756 - Clinical outcome of advanced gastric cancer (GC) patients receiving first-line chemotherapy according to tumour histology and location

Date 28 September 2012
Event ESMO Congress 2012
Session Publication Only
Topics Anti-Cancer Agents & Biologic Therapy
Gastric Cancer
Pathology/Molecular Biology
Presenter Alessandro Bittoni
Authors A. Bittoni1, M. Scartozzi2, R. Giampieri2, L. Faloppi2, M. Bianconi2, A. Mandolesi3, M. Del Prete2, M. Pistelli3, I. Bearzi3, S. Cascinu4
  • 1Clinica Di Oncologia Medica, AOU Ospedali Riuniti Ancona Università Politecnica delle Marche, Ancona/IT
  • 2Clinica Di Oncologia Medica, AOU Ospedali Riuniti Ancona Università Politecnica delle Marche, 60126 - Ancona/IT
  • 3Anatomia Patologica, AOU Ospedali Riuniti Ancona Università Politecnica delle Marche,, Ancona/IT
  • 4Dipartimento Di Medicina Clinica E Biotecnologie A, AOU Ospedali Riuniti Ancona Università Politecnica delle Marche, 60126 - Ancona/IT



In the daily clinical practice GC is considered as a single disease. However, preliminary data identified distinct subtypes characterized by relevant differences in epidemiology, carcinogenesis and gene expression profiles. Recently, a new classification has been proposed, based on Lauren's histology and on anatomic tumour location, identifying three subtypes: type 1 (proximal non diffuse GC), type 2 (diffuse GC) and type 3 (distal non diffuse GC). Aim of our analysis was to compare clinical outcome (in terms of response rate, RR, progression-free survival, PFS, and overall survival, OS) according to different GC subtypes (1,2,3) in patients (pts) receiving first-line chemotherapy.

Patients and methods

Advanced GC pts treated with a first-line combination chemotherapy were included in our analysis. Pts were divided in three subgroups (type 1, type 2 and type 3) as previously defined.


A total of 202 advanced GC pts were included: most of pts belonged to type 2 (50.5%) and type 3 (40.6%); type 1 included 18 pts (8.9%).
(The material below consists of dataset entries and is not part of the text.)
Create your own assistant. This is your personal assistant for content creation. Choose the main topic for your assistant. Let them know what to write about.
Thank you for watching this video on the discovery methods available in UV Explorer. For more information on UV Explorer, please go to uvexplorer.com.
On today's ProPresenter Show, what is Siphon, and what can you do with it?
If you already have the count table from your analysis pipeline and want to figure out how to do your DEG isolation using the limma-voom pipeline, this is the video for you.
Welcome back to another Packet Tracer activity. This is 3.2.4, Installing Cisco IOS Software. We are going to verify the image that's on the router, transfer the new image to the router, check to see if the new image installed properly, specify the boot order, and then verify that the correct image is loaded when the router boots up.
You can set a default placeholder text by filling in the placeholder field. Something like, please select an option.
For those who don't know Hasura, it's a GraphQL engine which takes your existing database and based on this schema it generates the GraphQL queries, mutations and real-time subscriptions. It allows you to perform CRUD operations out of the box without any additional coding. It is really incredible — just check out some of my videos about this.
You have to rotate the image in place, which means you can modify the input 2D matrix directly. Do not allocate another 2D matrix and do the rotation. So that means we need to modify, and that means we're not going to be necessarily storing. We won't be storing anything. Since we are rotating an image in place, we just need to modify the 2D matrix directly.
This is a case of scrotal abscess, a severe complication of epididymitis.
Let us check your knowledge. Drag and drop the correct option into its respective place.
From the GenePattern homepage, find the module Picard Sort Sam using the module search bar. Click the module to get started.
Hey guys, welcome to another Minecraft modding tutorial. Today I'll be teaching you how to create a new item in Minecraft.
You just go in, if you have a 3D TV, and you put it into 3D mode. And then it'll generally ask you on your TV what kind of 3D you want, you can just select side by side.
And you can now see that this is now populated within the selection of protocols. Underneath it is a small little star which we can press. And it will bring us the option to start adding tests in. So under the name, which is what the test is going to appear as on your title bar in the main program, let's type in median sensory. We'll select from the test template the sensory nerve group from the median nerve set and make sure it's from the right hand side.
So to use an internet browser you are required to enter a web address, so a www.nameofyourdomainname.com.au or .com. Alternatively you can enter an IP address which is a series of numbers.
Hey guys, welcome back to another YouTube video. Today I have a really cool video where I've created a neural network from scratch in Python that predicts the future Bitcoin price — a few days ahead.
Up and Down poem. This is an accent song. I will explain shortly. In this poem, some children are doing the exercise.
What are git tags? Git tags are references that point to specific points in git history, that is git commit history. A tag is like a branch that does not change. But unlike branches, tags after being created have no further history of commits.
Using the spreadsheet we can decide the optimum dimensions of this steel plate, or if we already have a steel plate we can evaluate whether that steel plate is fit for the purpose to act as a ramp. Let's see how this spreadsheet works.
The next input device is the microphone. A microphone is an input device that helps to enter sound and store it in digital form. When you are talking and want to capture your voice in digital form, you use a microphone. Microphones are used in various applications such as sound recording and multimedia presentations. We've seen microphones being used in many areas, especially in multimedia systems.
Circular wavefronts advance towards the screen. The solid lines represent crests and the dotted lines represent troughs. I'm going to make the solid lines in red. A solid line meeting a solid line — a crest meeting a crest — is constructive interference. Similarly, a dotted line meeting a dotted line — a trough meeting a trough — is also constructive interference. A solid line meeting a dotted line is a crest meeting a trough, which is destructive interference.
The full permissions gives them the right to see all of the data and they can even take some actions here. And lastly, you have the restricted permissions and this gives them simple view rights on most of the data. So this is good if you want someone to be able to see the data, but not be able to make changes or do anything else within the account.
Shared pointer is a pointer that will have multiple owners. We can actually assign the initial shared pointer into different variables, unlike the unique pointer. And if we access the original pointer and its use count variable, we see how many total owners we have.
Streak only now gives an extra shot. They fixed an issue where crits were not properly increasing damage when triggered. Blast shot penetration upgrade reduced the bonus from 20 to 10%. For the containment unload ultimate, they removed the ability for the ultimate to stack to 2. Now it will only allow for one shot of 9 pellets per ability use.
The majority of pts (62%) received a three-drugs chemotherapy combinations including a platinum derivate, a fluoropyrimidine with the addition of an anthracycline, a taxane or mytomicin C; the remaining patients received a platinum and fluoropyrimidine combination. The three pts subgroups resulted comparable for relevant clinical factors such as ECOG PS, tumour stage, number of metastatic sites, previous surgical resection, first-line combination and use of second-line treatments; as expected peritoneal carcinosis was more common in type 2 pts. RR was found to be higher in type 3 pts (RR = 45.1%) than in type 1 (27.8%) and type 2 (25.5%) (p = 0.017). Type 2 pts presented a shorter PFS (median PFS 5.7 months) compared to type 1, median PFS = 6.9 months, and type 3, median PFS = 7.8 months (p = 0.0069). These differences did not translate in statistically significant differences in OS.


Our results suggest that GC subtypes may be important predictors of benefit from chemotherapy in advanced GC patients. Future clinical trials should take in account these differences for a better stratification of patients.


All authors have declared no conflicts of interest.